RECORDED INFORMATION.

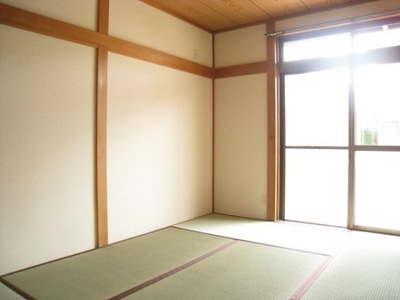 Living and room. ☆ Sunny ☆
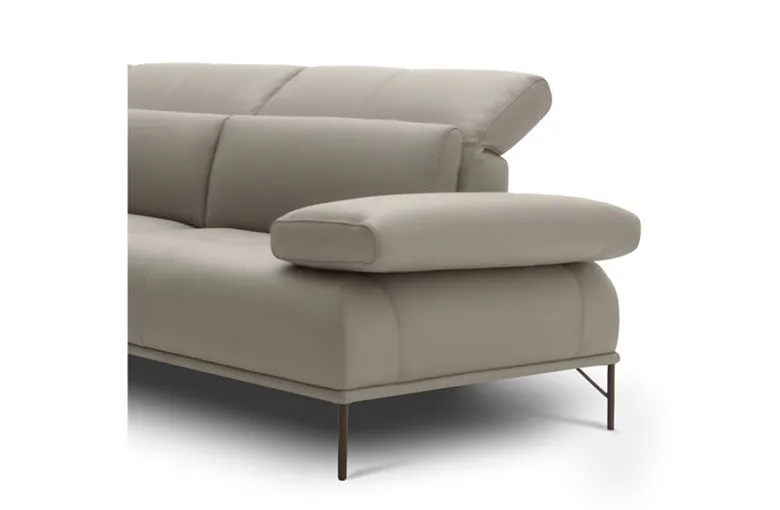 Nicoline Bolton Sectional with Chaise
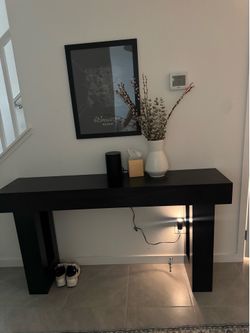 Entry way table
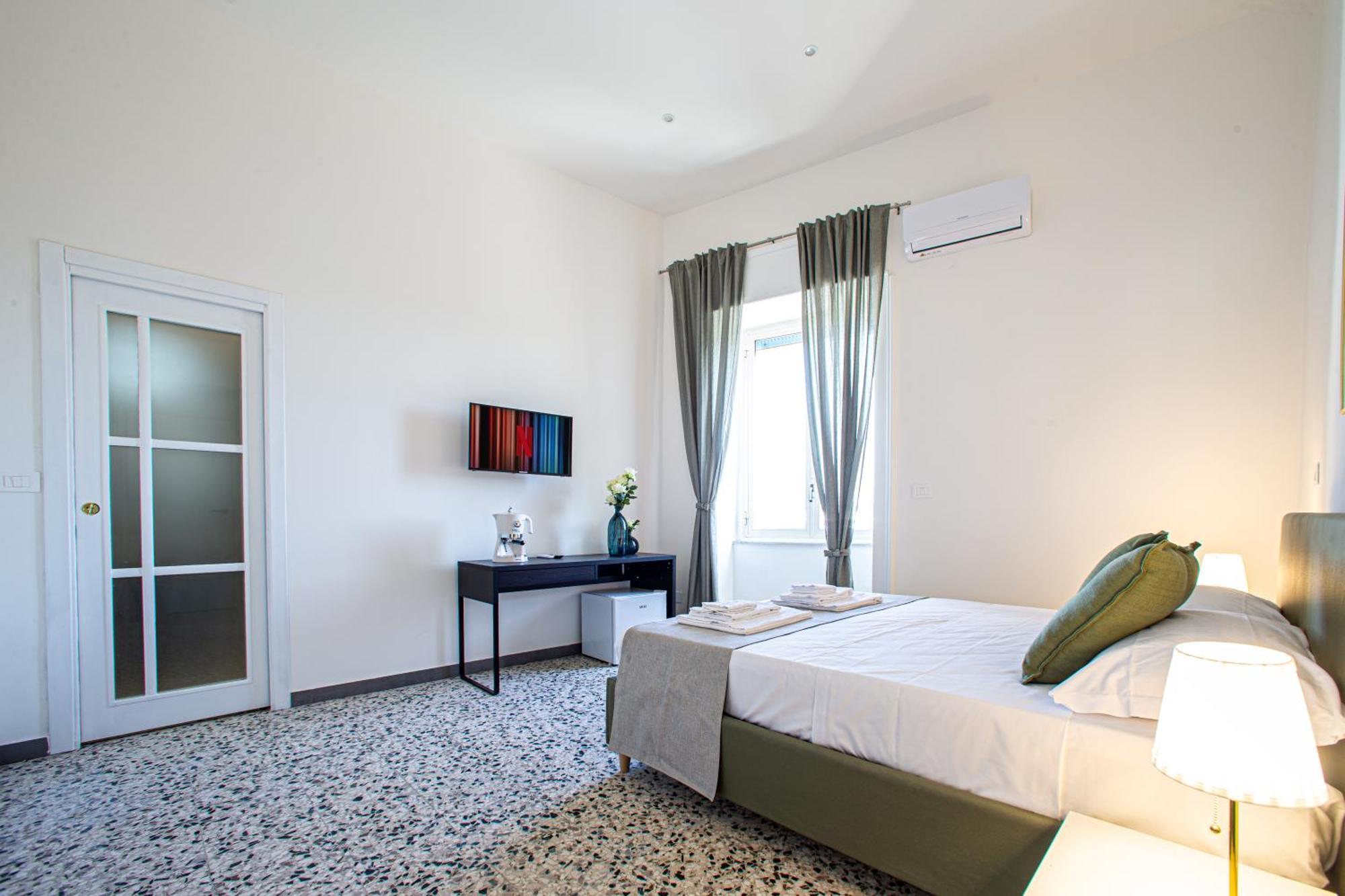 Mh Suites Rooms Apartments Bacoli Buitenkant foto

TASK GOAL. The response should be the full material, repeated exactly, with images removed.

OUTPUT FOR THIS TASK.
 Living and room. ☆ Sunny ☆
 Nicoline Bolton Sectional with Chaise
 Entry way table
 Mh Suites Rooms Apartments Bacoli Buitenkant foto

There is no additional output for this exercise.